The anomalies in Australia’s alcohol tax system have created common cause between two groups usually at loggerheads: drinks companies and public health advocates. Both complain of the preferential tax treatment of wine, which they say encourages people to consume a cheap cask rather than a beer or a gin and tonic.
They have a point.
In Australia, beer and spirits are taxed according to their alcohol content, but wine and cider are taxed according to value (an ad valorem tax). This makes wine much cheaper per unit of alcohol than other beverages.
Wine can be taxed as little as A30 cents for a standard drink (12.5 millilitres of alcohol), compared with at least A$1 for a standard beer and A$1.50 for a spirit. It’s a situation that alarms health advocates and outrages the distilling industry.
Much like the broader taxation system, Australia’s alcohol tax regime is the result of decades of tinkering driven by diverse and sometimes conflicting policy impulses.
In a study published in July 2015, Dr Elizabeth Manton of the Centre for Alcohol Policy Research, asked why.
She found that in wine-producing countries such as Australia, France and the US, wine is taxed relatively lightly because the structure of the industry – lots of small producers operating in clusters in key regional areas – gives it greater political clout.
There is ample evidence of the industry’s influence in Australia.
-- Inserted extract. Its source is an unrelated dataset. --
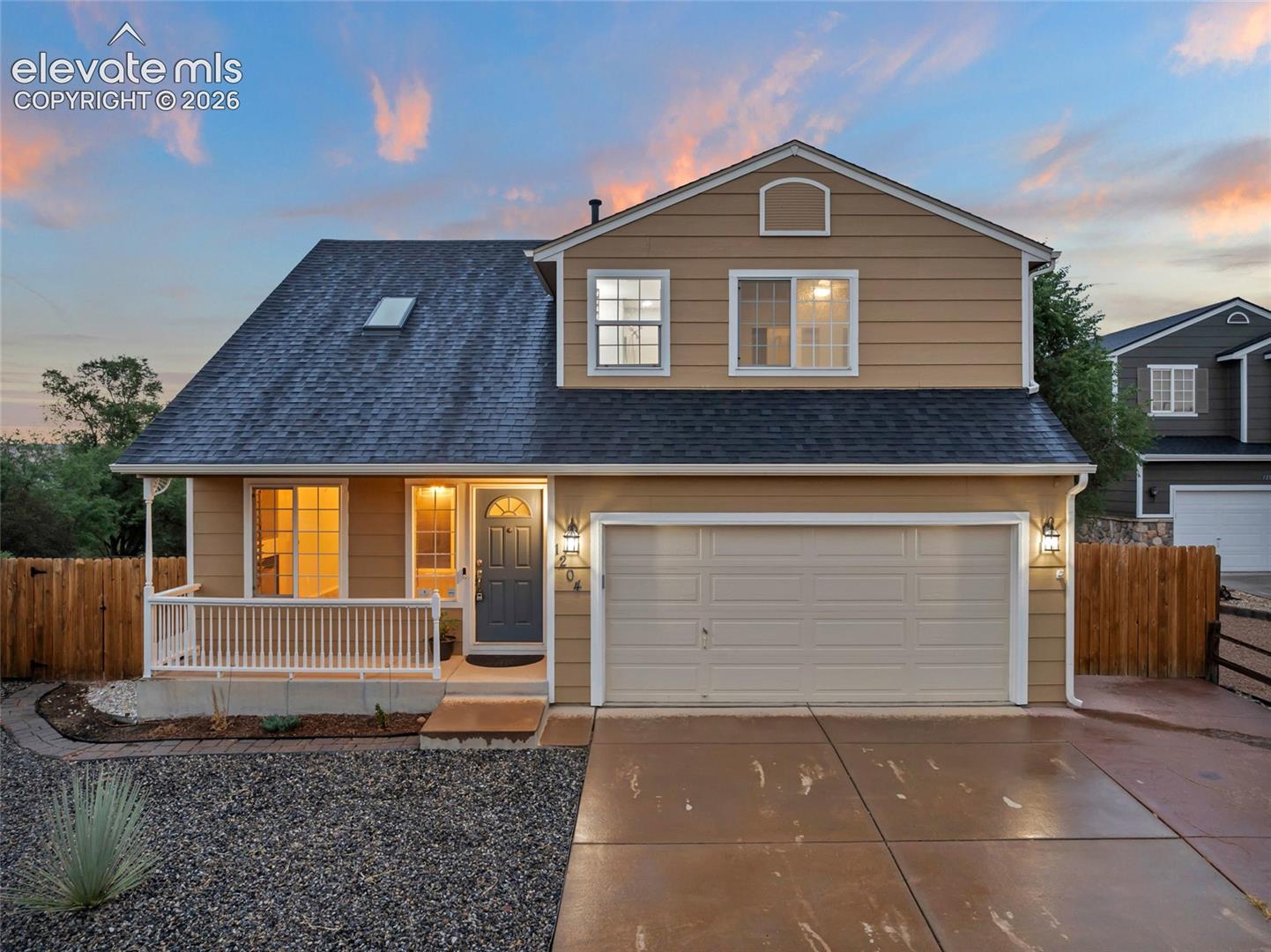 Listing photo 2 for 1204 White Stone Way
In 2000, when the Goods and Services Tax (GST) was introduced, the Howard Government established the Wine Equalisation Tax (WET) to replace the wholesale tax. Alone among alcoholic drinks, wine would be taxed based on value not alcohol volume.
In 2004, when it became apparent the WET system was biased in favour of large wine makers, it was supplemented with an annual tax rebate of up to A$500,000 targeted at smaller wine producers. As the Distilled Spirits Industry Council of Australia notes, as at 2011 the rebate gave smaller vignerons an effective tax break on the first A$1.7 million of wine they sold in the domestic wholesale market, and acted as a deterrent to mergers.
Beer and other tax quirks
Similarly, Australia’s pubs and clubs have successfully lobbied for a lower excise on the beer poured through their taps than applies to packaged beer.
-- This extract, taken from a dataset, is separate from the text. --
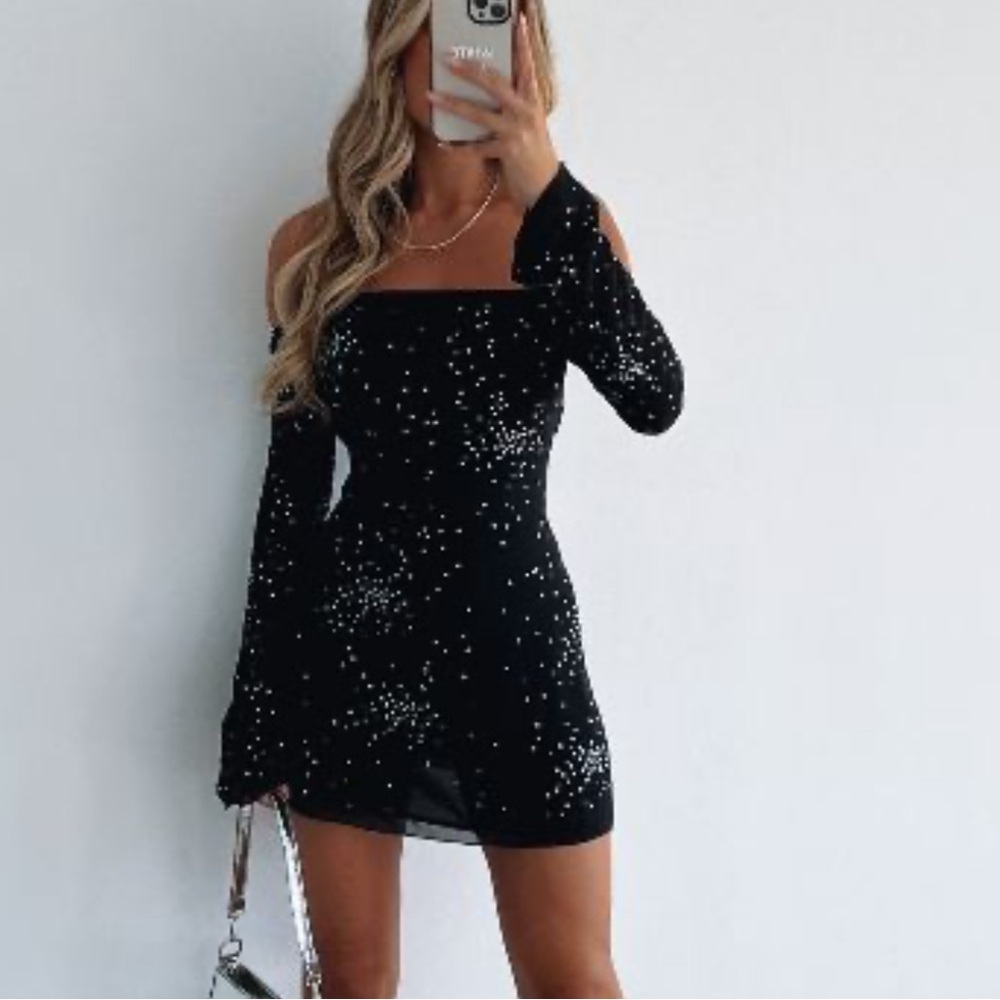 NWT White Fox This Is Me Long Sleeve Mini dress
But the alcohol taxation picture becomes even more distorted than this.
Both beer and spirits were taxed from the early days of Federation as a way to raise revenue, though beer was slugged at a lesser rate because of a desire to protect domestic producers.
By the late 1970s, concern about the health effects of heavy beer drinking had spurred calls for cheaper tax treatment for lower alcohol beer, which was finally enacted in 1984.
Another shake-up came in the late 1990s courtesy of the Howard Government, which slashed the excise on beer, making it more competitive with wine and much less expensive than spirits.
Some have argued that reducing the excise on beer is a public health measure aimed at weaning drinkers off cheap cask wine. But a more intriguing argument is that administrations cut the price of beer to help hold down the official inflation rate (in the Hawke Government era, full-strength beer was part of the basket of goods measured by the Australian Bureau of Statistics to estimate the Consumer Price Index).
Beer’s competitive advantage over spirits has been further boosted by the government removing the excise on the first 1.15 per cent of alcohol by volume, which means beer drinkers pay less excise on their drinks of choice than those who imbibe pre-mixed drinks.
To add yet more confusion, brandy is taxed at a lower rate than other spirits following a concession granted in 1979 to protect grape growers, and Australia’s Free Trade Agreement with the US exempts US-made bourbon from the 5 per cent import duty applying to all other spirits.
If Australia’s alcohol tax system were a cocktail, it would be a wild, Technicolor explosion in a glass. It is the result of a mix of ingredients – revenue raising, political expediency, public health concerns and industry protection – that defy any unifying taste or theme.
Much like Tom Cruise’s Cocktail, the consensus says it is a dud.